2. Enterprise Vault: this is where EV collects the files into .CABs as y'all been talking about, and is much preferable as far as any backup software is concerned (unless you're doing raw partition backups, which have other problems associated with them; unless using something like NetBackup's FlashBackup so you get raw partition backup speeds with single file restore capability)

Leon_Funnell
Level 2
We have a situation where we have a lot of e-mail already in our Vault - about 5 years worth. This is mostly Journal mail, and a few enabled mailboxes. We now need to enable about 300 users, who's mail already exists as journaled items in the Vault in CAB files. This is almost definitely going to double the size of the data on the vault, which currently stands at 700GB. The options we have are:

1. Export all existing mail out and into a new server, enable all the mailboxes and let all the mail archive before running a collection.
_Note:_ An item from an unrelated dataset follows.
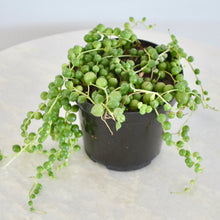 Load image into Gallery viewer, String of Pearls | 4 Inch Hanging Basket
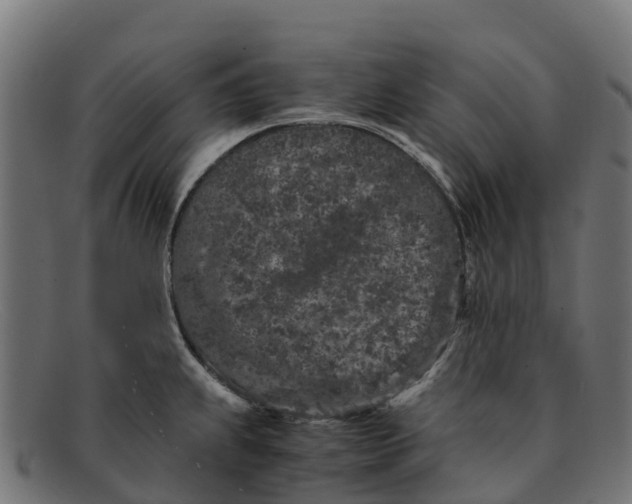 X0000091651239200709131444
This is a huge job, and in the time before the collection runs our backup system will really struggle to back up millions of DVS files

2. Find some way to get SIS back post migration - is there some utility that can recover SIS? This would be a great feature.

3. Export the mail out of the Vault and in to a product that does true SIS. There are products that store the message body in SQL and the attachments on a file store - the one I was looking at actually creates a hash of each attachment, so even if someone forwards an existing file to someone else, only one copy is created. This is least favoured, but could have long term benefits in terms of storage.


One more thing - due to previous bad practices, we have mail items with HUGE attachments - sometimes 30-40MB each. This is why the existing Vault is so huge, and why it will grow so much. We know this is bad - but we have to live with it...

Any comments on the above?